Il visitatore inopportuno è uno scrittore principiante, che ha scritto un solo libro nella sua vita, ed è ansioso di sottoporlo all’attenzione del protagonista, che invece è un rinomato scrittore. Questi accetta di ascoltare la lettura dell’opera prima dello sconosciuto quando quest’ultimo gli propone un patto: se il libro risulterà meritevole di essere pubblicato, il protagonista si impegnerà a promuoverlo e a renderlo famoso; se invece risulterà scarso e improponibile, allora il suo autore (lo sconosciuto) si toglierà la vita!
«L’uomo cominciò la lettura. Le prime parole mi sfuggirono; alle altre fui più attento. Ad un tratto tesi l’orecchio e sentii un piccolo brivido per le spalle». La lettura del romanzo risulterà decisamente sorprendente per il protagonista, e più lo sconosciuto andrà avanti a leggere la propria opera, più l’inquietudine e lo stupore cresceranno. La storia infatti che il visitatore sta leggendo «sul ben legato volume» risulta essere, alla fine, «la narrazione precisa e completa di tutta la mia vita intima ed esteriore. In tutto quel tempo io avevo ascoltato il rapporto minuto, fedele, inesorabile di tutto ciò che avevo sentito, sognato e fatto da quando ero apparso nel mondo». Il protagonista è allibito: «Costui affermava di aver inventata quella storia e presentava, a me, la mia vita, tutta la mia vita, come una storia immaginaria!»

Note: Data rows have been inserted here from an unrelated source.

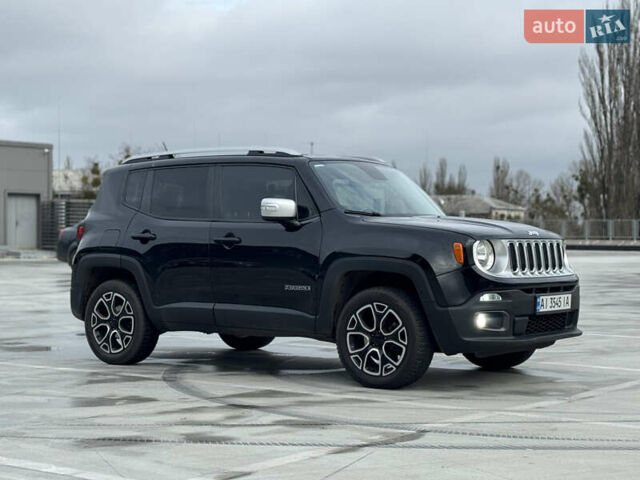 Черный Джип Ренегат, объемом двигателя 2.36 л и пробегом 116 тыс. км за 12900 $, фото 7 на Automoto.ua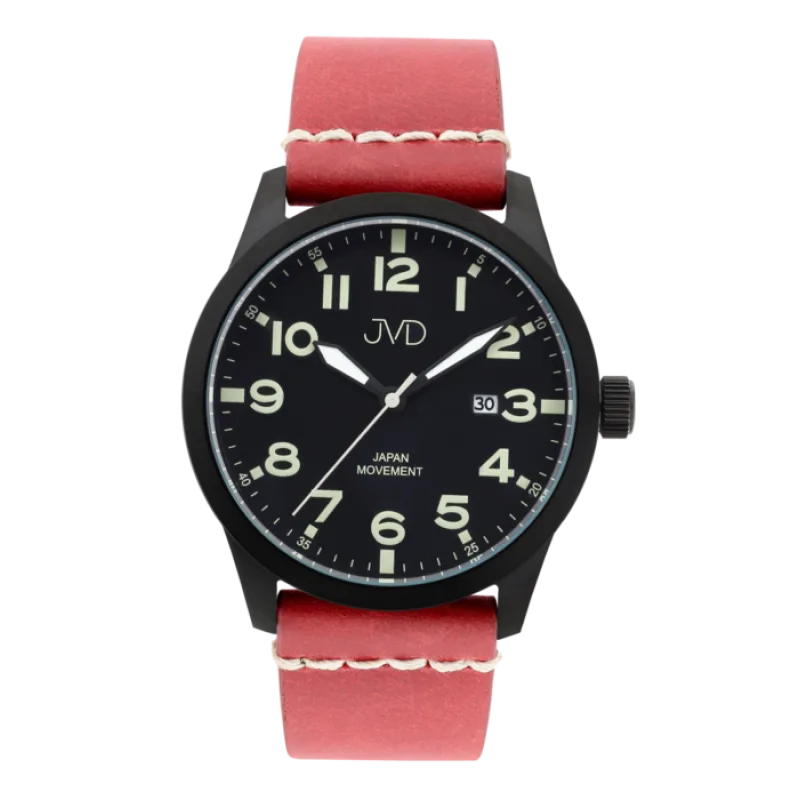 Pánské sportovní náramkové hodinky JVD JC600.3 pro akčního muže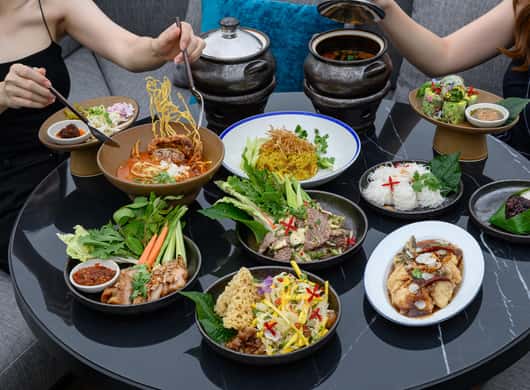 Bangkok: Siam Tea Room & beste kulinarische Pakete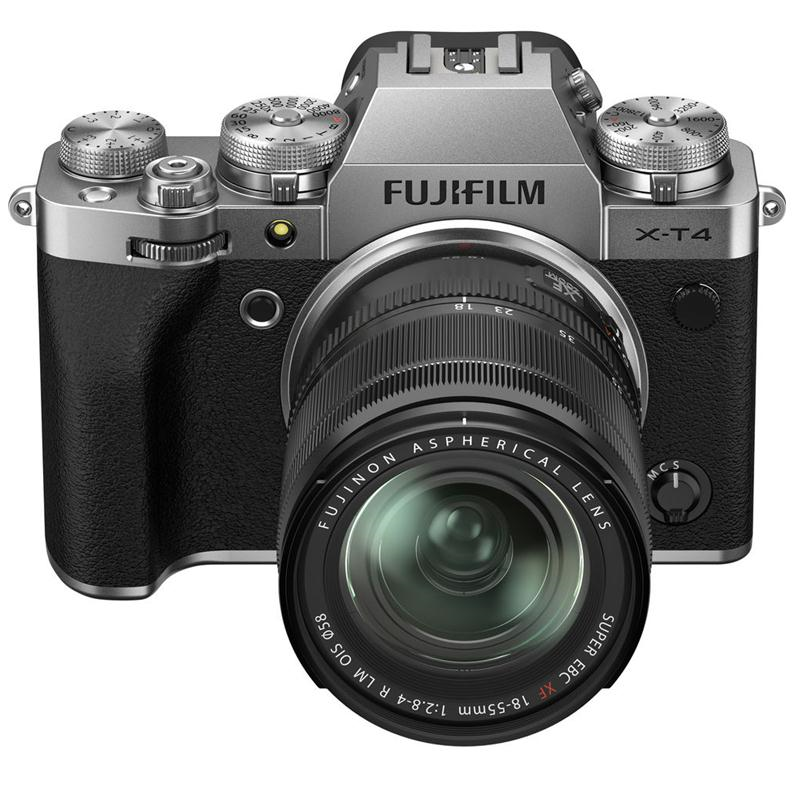 Máy ảnh Fujifilm X-T4 kit XF18-55mm F2.8-4 R LM OIS/ Bạc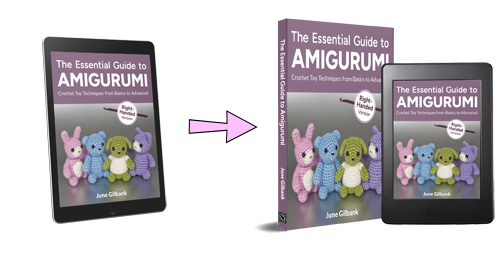 The Essential Guide to Amigurumi by June Gilbank - upgrade from ebook to bundle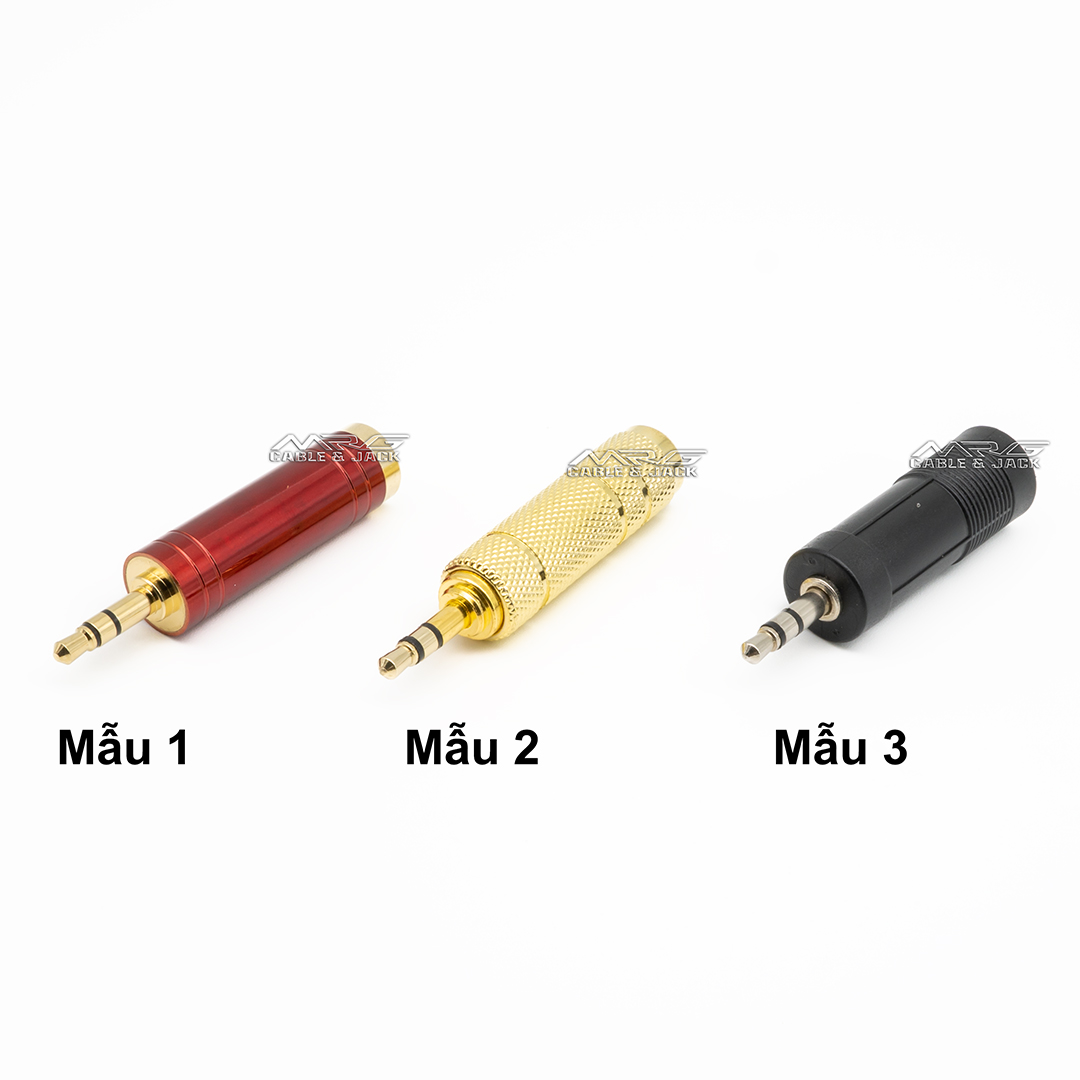 Jack Chuyển 6 Ly Ra 3.5 (đầu jack 3.5 ra lổ cắm 6 ly) giá 1 chiếc. JC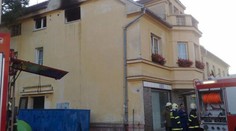 Při požáru na Domažlicku zahynul starší muž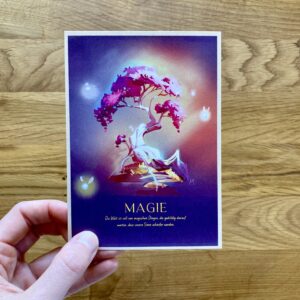 Tree of Magic Postcard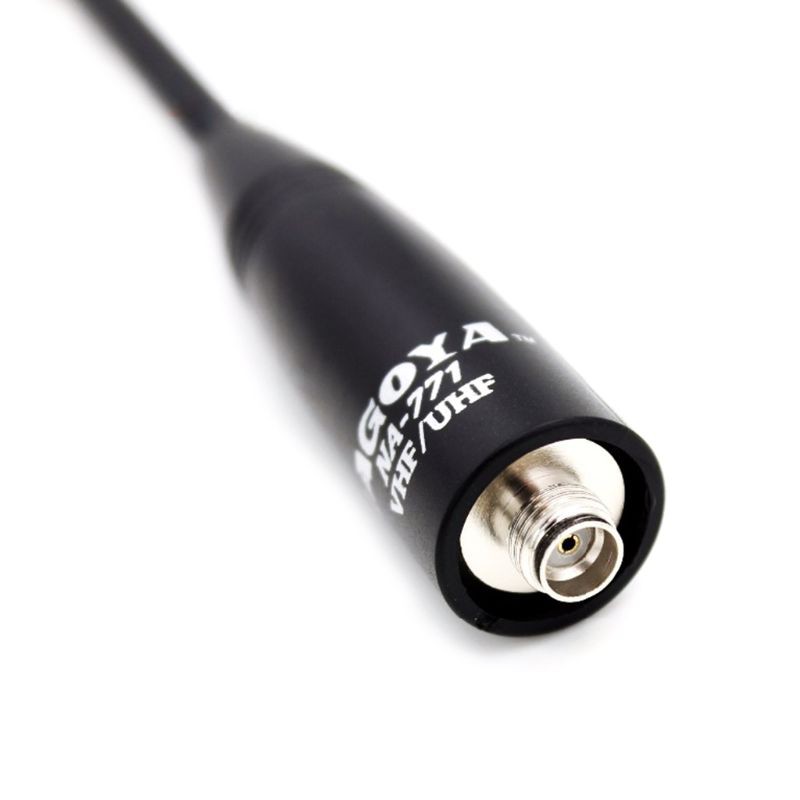 Ăng ten kép NA-771 NAGOYA Sma-F Vhf / Uhf 144 / 430mhz Na771 cho Baofeng Uv-5R Uv-82 Bf-888S Walkie Talkie kèm phụ kiện
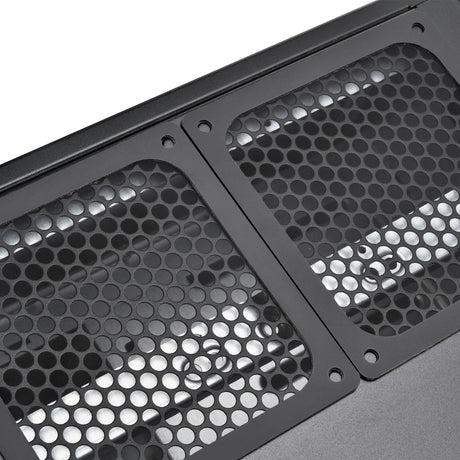 Alloggiamento rack Silverstone CS381b v1.1 (nero | 2x USB-A 3.2 (5 Gbit s) | 2x audio)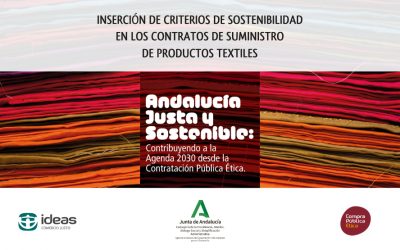 Actualización de nuestra guía sobre Inserción de criterios de sostenibilidad en los contratos de suministro de productos textiles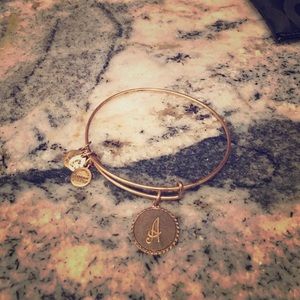 "A" Alex & Ani bangle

Il libro, che rimane senza titolo, non può vedere la luce, decide il protagonista, e quindi il suo giudizio sarà spietato: «la vostra storia è stupida, noiosa, incoerente e abominevole. Quello che chiamate vostro eroe non è che un malandrino annoiato che disgusterebbe tutti i lettori delicati. Non voglio esser troppo crudele e dirvi ancora di più». Va notato che l’eroe del libro scritto dallo sconosciuto è in realtà il protagonista, eroe della storia scritta da Papini in un delizioso circolo vizioso letterario.
La conseguenza di questo giudizio non tarda ad arrivare, e lo sconosciuto mantiene fede alla promessa togliendosi la vita. Il protagonista non sembra rimanerne colpito più di tanto: si sente sicuramente meglio che se il libro dello sconosciuto fosse stato pubblicato! Eppure addosso gli rimane una sensazione strana: la sensazione di aver perso una parte di sé... una parte “vitale” di sé...
Riguardo a questo racconto, nelle note della citata antologia Borges così si eprime: «Un uomo che meravigliosamente recuperasse tutto ciò che dobbiamo dimenticare per continuare a vivere correrebbe la sorte del suo eroe.» In barba a biografi ed apologisti, non si può permettere che qualcuno metta nero su bianco tutto ciò che abbiamo dovuto dimenticare «per continuare a vivere»: si dovrebbe distruggere quel libro... quand’anche fosse uno pseudobiblion!
Il racconto di Papini esce originariamente nella rivista “La Riviera Ligure”, per poi apparire nell’antologia “Il pilota cieco” (Napoli, 1907), anche se conosce la notorietà (come si è detto) solo nel 1975, quando entra a far parte della prestigiosa collana parmense “La Biblioteca di Babele”, curata da Borges: il secondo numero della collana si intitola “Lo specchio che fugge” e raccoglie il meglio dei racconti di Papini.